Bereits am 12. Juni hatte die Gemeinde die Vertreter der Parteien und der Bürgerinitiative zu einer Podiumsdiskussion eingeladen, auf der Befürworter von Bürgerbegehren und Ratsbegehren ihre Positionen erläutern sollten. Am 15. Juni sagte Haider zu. In einem internen Abstimmungsgespräch, zu dem Bürgermeisterin Gabriele Müller am 17. Juni ins Rathaus eingeladen hatte, sollte die Öffentlichkeitsarbeit in punkto Bürgerbegehen und Ratsbegehren abgestimmt werden. „Ich habe angeboten, dass sich die Seite des Ratsbegehrens freiwillig beschränkt und gemeindeeigene Plakatständer der Bürgerinitiative zur Verfügung gesetllt werden", sagt Müller. Die Bürgerinitiative lehnte eine Absprache aber rundweg ab. Der Forderung der Bürgerinitiative nach absoluter Parität auf dem Podium hat die Gemeinde in Absprache mit den Befürwortern des Ratsbegehrens im Gemeinderat entsprochen. „Ich habe auf einen Platz auf dem Podium verzichtet, um die Parität zu erhalten", sagt Bürgermeisterin Müller. Mein Ziel war es, interessierten Bürgerinnen und Bürgern größtmögliche Objektivität zu bieten".
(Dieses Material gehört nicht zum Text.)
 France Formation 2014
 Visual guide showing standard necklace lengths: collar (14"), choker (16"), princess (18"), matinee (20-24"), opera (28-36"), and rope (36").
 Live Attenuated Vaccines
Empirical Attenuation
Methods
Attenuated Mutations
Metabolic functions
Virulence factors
Nach der Sitzung im Rathaus lud die CSU überraschend zu einer eigenen
„Informationsveranstaltung" am 3. Juli ein, auf der nur eine Seite zu Wort kam.
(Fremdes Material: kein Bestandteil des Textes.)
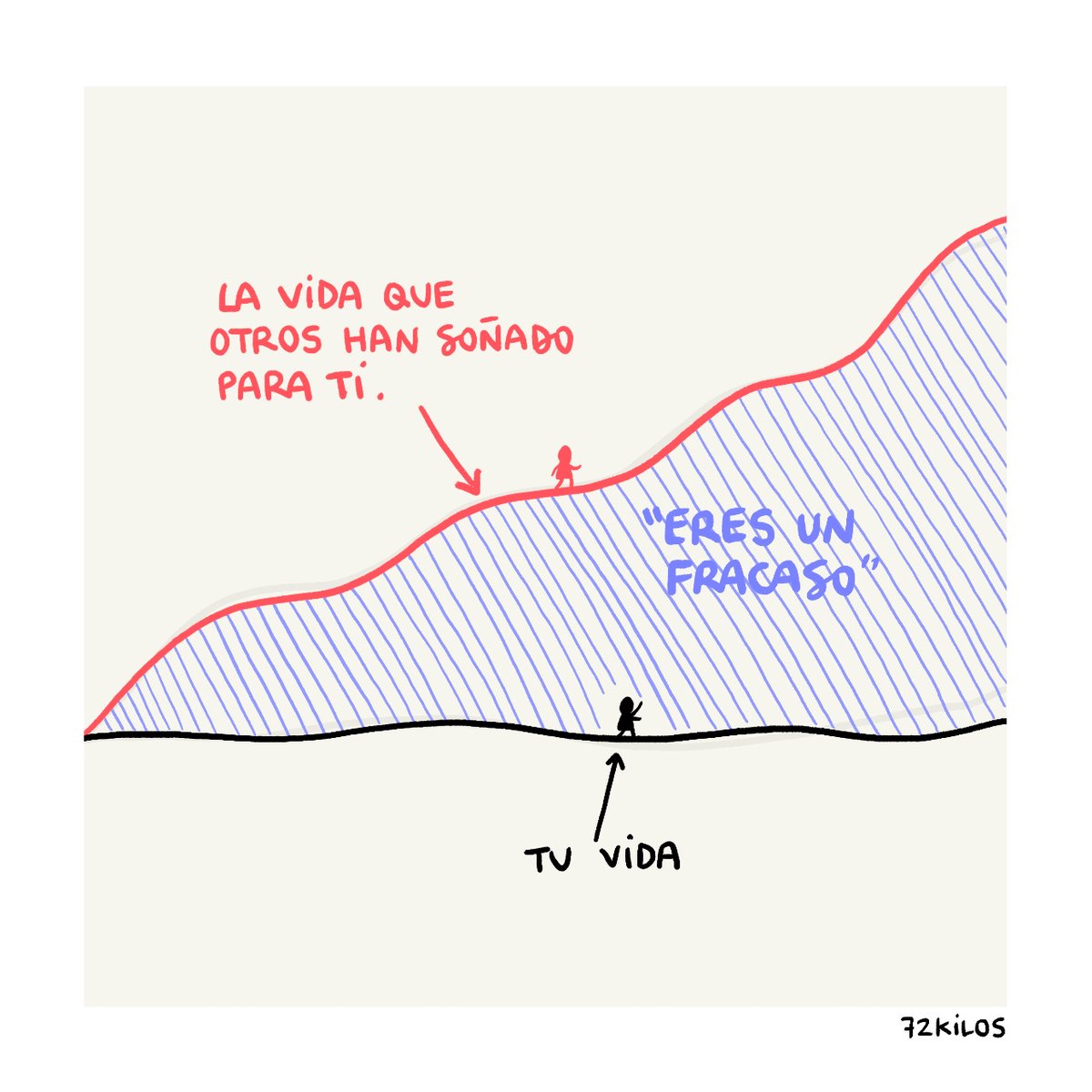 72kilos tweet media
Bis heute Nachmittag hatte die Bürgerinitiative weder weder die Namen
der Vertreter auf dem Podium benannt, noch die bis 4.7. eingeforderten fünf Hauptargumente für den neutralen Moderator, Thomas Soyer von der Süddeutschen Zeitung, eingereicht.
Seit diesem Montag steht nun fest, dass der ehemalige Bürgermeister Helmut Dworzak das Eingangsreferat zu „Grundzügen der Regional- und Ortsplanung" halten wird. „Nachdem ihm letzte Woche auf der CSU-Veranstaltung derart unwirsch das Wort entzogen wurde, haben wir ihn gebeten", sagt Bürgermeisterin Müller. Dworzak hat bereits mehrfach Fachvorträge an Hochschulen - zuletzt in Brüssel – gehalten. Die Gemeinde Haar gilt in Fachkreisen für ihre Ortsentwicklung als beispielhaft.
Bürgermeisterin Müller bedauert die Absage der Bürgerinitiative außerordentlich: „Es tut mir für die Besucher leid, die sich an diesem Abend in
einer direkten Auseinandersetzung sicher gern ein Bild von beiden Seiten
gemacht hätten. Unter diesen Umständen bleibt mehr Zeit für Publikumsfragen,
die wir gerne zulassen und auch beantworten." Sicher werden auch im Publikum viele kritische Interessenten sein. Ein spannender Abend ist gewiss.